I'm teary-eyed, too. What a lovely love-note to your little Sun Princess.

Anonymous said...

How lovely and how true... it really is incredible to think about all the paths that didnt lead us to our precious ones! I still hurt every day I love my sweet A so much and I hope I always will!

Lonnie Hanzon said...

I hope you are planning on printing out this blog in some kind of physical book form for Q later on. You are actively creating such a rich and full history for her. This history will help her when the time comes that she becomes aware that there is a tiny part of her that is different. She will be able to see and read and connect to this amazing life that is hers. The stars simply landed her on another continent, but you were there to bring her home as soon as the Moon told you where she was.

Juliette said...

Guess what?
I still sneak in M's bedroom, watching her sleep and breath peacefully. And I kiss her and whisper her Je t'aime mon amour and cry when she smiles at me in her sleep.
It just grows bigger and bigger every single day.

Maia said...

I'm so glad that people have enjoyed this post.

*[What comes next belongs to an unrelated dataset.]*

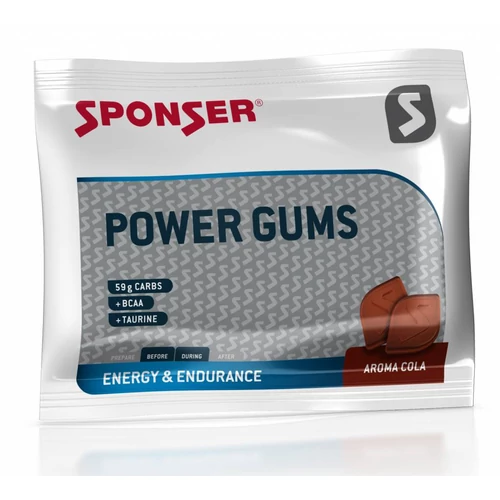 Sponser Red Power Gums energia gumicukor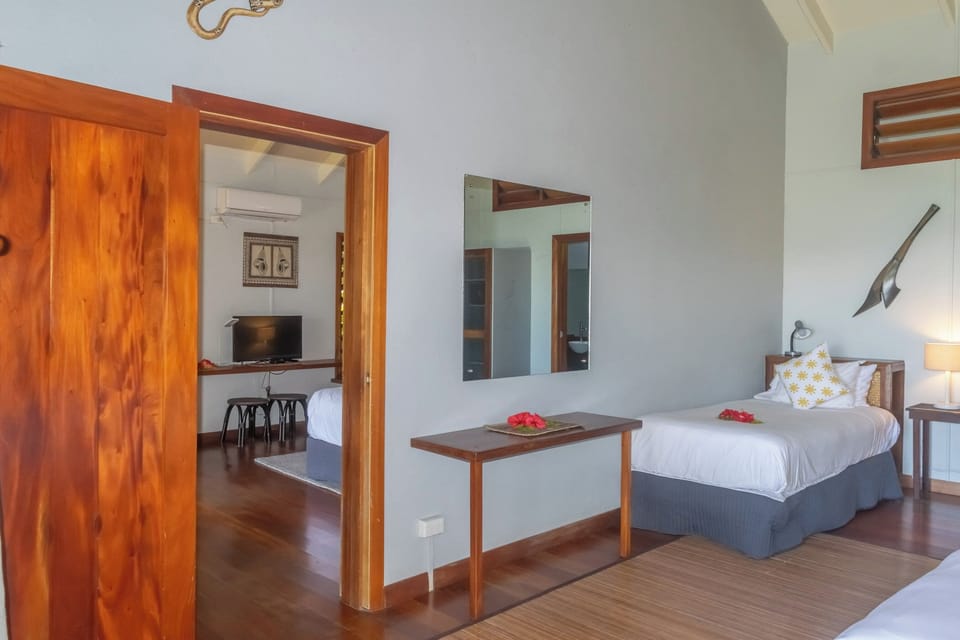 Family Villa, Multiple Beds, Non Smoking, Ocean View | In-room safe, individually decorated, individually furnished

Lovepic, merci. Ces mots signifie beaucoup.

Yoli, I wasn't aware that you could write so beautifully in French! Bravo.

FDChief, I know you know the feeling.

hotpickles - thanks again for your words, and your shared sentiments.

Lonnie - I will find a way to preserve these bloggy ramblings for her (as excessive and ponderous as they are!) I intended to make a "life book" for her (traditional in adoption) but I find little time for much besides my blogs and my work. So...the blogs may well have to suffice, in some form or other. Technology, you know, has a life of its own, and I can only try to keep up.

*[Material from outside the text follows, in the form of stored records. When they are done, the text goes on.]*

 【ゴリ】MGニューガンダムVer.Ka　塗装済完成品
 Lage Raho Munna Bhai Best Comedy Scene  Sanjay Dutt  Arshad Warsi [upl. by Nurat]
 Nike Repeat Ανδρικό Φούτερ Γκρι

Juliette - I never knew that, about how they actually hear you when you talk to them in their sleep, and how it makes them glad to hear your declarations of love...even in their deepest subconscious. Isn't that absolutely amazing??

Charlie said...

I a so taken by your sincerity and your deep love for your girl. I have never read more beautiful words from a mother to her child. Q is such a lucky girl to have a mommy and daddy that adore her so. I believe in my heart that you would have found her no matter what, she had already picked you.

This is something I found on a friends blog. I haven't used it but it seems very interesting

http://www.blurb.com/

You Are My Fave said...

This made me tear up. So sweet. Your little one is adorable.

PS Hooray for Colorado!

STYLE NOMAD: said...

beautiful...your writing is lovely and such a special gift to have found your daughter out in the world. she too is lucky to be blessed with such love from you. I once wrote about international adoption and loved what Angelina Jolie once said - "Some women are meant to give birth to their children but I knew I was meant to find my children out in the world..."

flyinamber said...

wonderful post..it brings tears in my eyes..

jae said...

first time visitor...your comment on mine led me here. thanks. what a beautiful post to find upon arrival. i also believe that it wasn't chance or luck that brought you together...you were picked for each other and everthing happened to make it so. you can hardly blame her for chuckling.

rosemary said...

This was too good for words. Thank you is all I can say.